Deux pincées de grippe A, trois tasses d'écoeurantite post-élections municipales, une tranche d'action gouvernementale, mélangez le tout: la recette pour calmer les envies d'une enquête publique sur les gangs de routes est simple comme bonjour.

Il n'y a pas si longtemps, tout le monde voulait une commission d'enquête publique sur ce ménage à trois réunissant dans le même lit entrepreneurs en construction, élus municipaux et certains parrains locaux.

 

Puis, depuis les élections municipales, le temps a fait son oeuvre, l'actualité a trouvé d'autres os à ronger.
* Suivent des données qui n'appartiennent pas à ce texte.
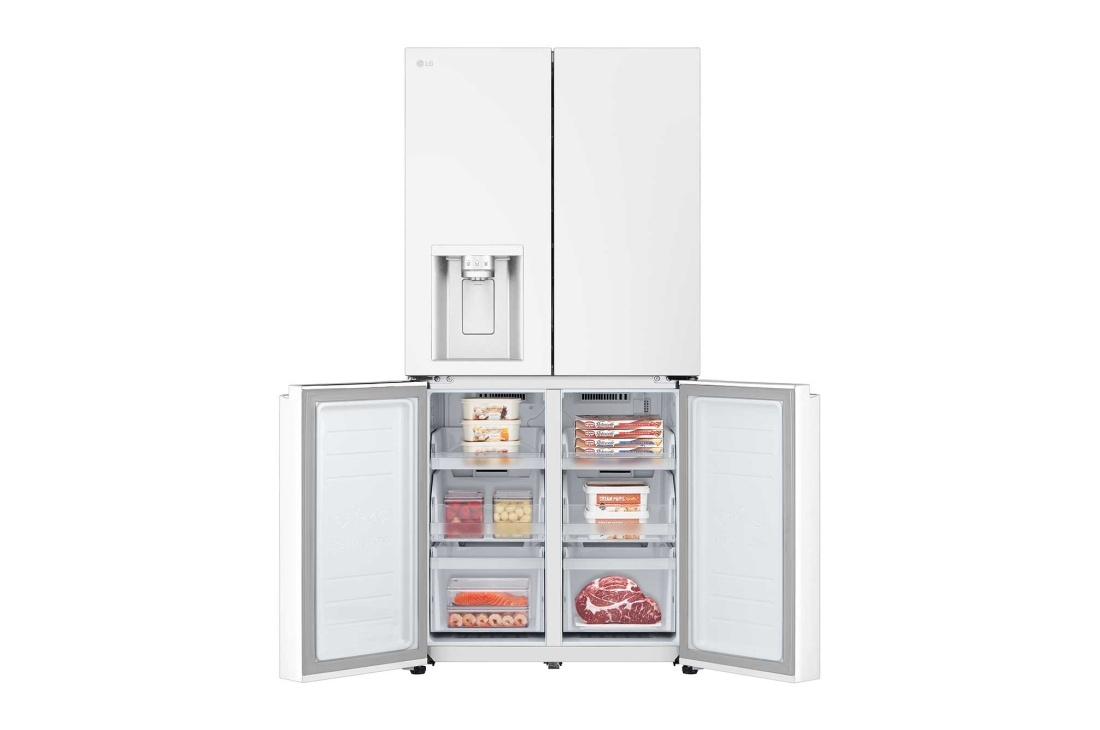 LG 506L 制冰冰箱 十字四门 精华白, FrontBottomOpen_Food, F544MEH62D, thumbnail 3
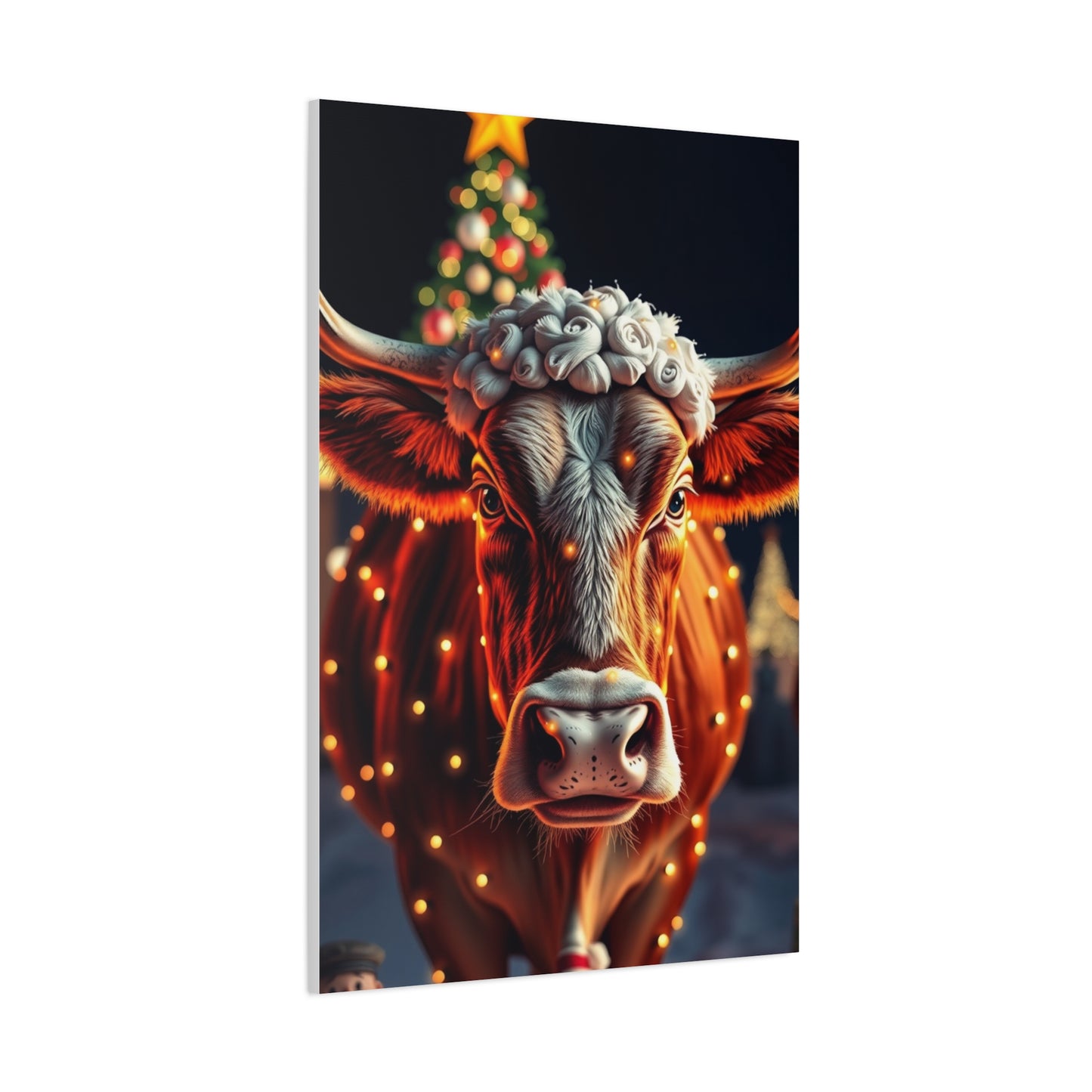 Supreme Christmas Cow Art Beautiful Collection Wall Art & Canvas Print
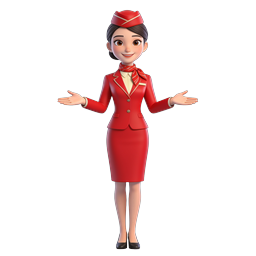 Biểu tượng nhân vật tiếp viên hàng không 3D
Seule la grogne populaire pouvait pousser le gouvernement Charest à convoquer une commission d'enquête publique sur les gangs de routes.

Or, la grogne s'est calmée. Il semble bien que le gouvernement ait gagné son pari. Il n'y aura pas d'enquête publique. À cause du mou dans la grogne populaire, qui ne dure jamais très longtemps, comme chacun le sait.

Il y aura des enquêtes de police. Rappelez-vous, à la fin du mois d'octobre, Québec a annoncé la mise sur pied de l'opération Marteau: ligne téléphonique de dénonciation, escouade policière de la Sûreté du Québec, amendements législatifs.

Message pas subliminal: l'État agit, mesdames et messieurs!

Retournez regarder Occupation double bien tranquillement, on veille au grain.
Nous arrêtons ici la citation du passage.